Masalını Arayan Kahraman romanından alıntı..


-durdu.öylece durdu. her şeyin durduğu gibi. nedensiz. sonuçsuz. bu sebepler aleminde her nesnenin kendi yerini bilerek durması gibi. öylece durdu. bir adım attı. gene durdu. o durunca gecenin sesi de durdu. her şey durmuştu şimdi. şeyler yerini, ay, ışığını unutmuştu. yıldızlar bir harita. yıldızlar uzun bir yol. yıldızlar yıllara dizilmiş bir iz. çıt yoktu. sanki bir doğum olacaktı. kendini bir masaldan kaçmış gibi hissetti. kendisinden bahseden masal anlatıcısı tam masalın ortasında ölmüş, o da ortalıkta kalmıştı; masalını arıyordu. yerini, zamanını şaşırmış bir masal.
ağır ağır kapadı gözlerini. mağaraları ağır ağır açıldı içinin. bir süre öyle durdu. bir şeyler dinler gibiydi. uzun bir sessizliğin en kısa huzuruyla oyalandı.

açtı gözlerini.
yeni bir hayata başlar gibi.
açtı elindeki dosyayı.
eski bir masala yeni bir gökyüzü verir gibi.

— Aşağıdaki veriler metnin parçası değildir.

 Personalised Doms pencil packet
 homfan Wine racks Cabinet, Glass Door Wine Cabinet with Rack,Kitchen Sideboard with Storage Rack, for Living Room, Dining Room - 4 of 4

gökyüzünün öyküsünü yazdığı sayfaları çıkarıp havaya fırlattı. yere düşen cümlelerin arasında gerilip kaybolan yüzünü bir yağmur hızıyla çiziyordu kelimeleri. patlayacak gibi bakan gözleri büyüdü. saçları dümdüzdü. titremeye başladı. o hiç konuşmamış gibi çırpınan ağzı bir isyanla açıldı. ve kahkahalarla gülmeye başladı. boğulacak gibi gülüyordu. şiddeti gittikçe artıyordu gülmesinin. yüzünde iki ince iz halinde beliren yaşlar, gecenin koynunda titrek bir ay ışığının nazik gölgeleri gibi ağzının kenarlarına doğru kayıyordu. gülmüyordu, ağlıyordu. hayır, gülüyordu. neydi bu, nasıl bir ruh haliydi? hem gülüyor hem ağlıyordu. ikisi bir arada. iki film birden, devamlı. yarısıyla gülüyor, bir diğer yarısıyla ağlıyordu. acıyla mutluluk gibi. acıyla mutluluk ne kadar bir arada olabilirse, o kadar uzun sürmüştü bu bölünmüşlük hali. sonra ağır ağır dindi içinin rüzgarları. masalını dinlemiş bir çocuk huzuruyla döndü içine. geri geldi gittiği yerden. olduğu yere çöktü. sonra yeniden kalktı. telaşla yüzünü yokladı ve tekrar yürümeye devam etti. devam eden, süren her şeyin o gün geldiğinde dağılacak olması gibi dağıldı gidişi. çözüldü. hayatımız boyunca kimlere koştuysak, kimler için sürdürdüysek nefes alışlarımızı öyle yürüdü bildiği yere doğru. çok iyi bildiği yerin hiçbir zaman bilemeyeceği gizine doğru.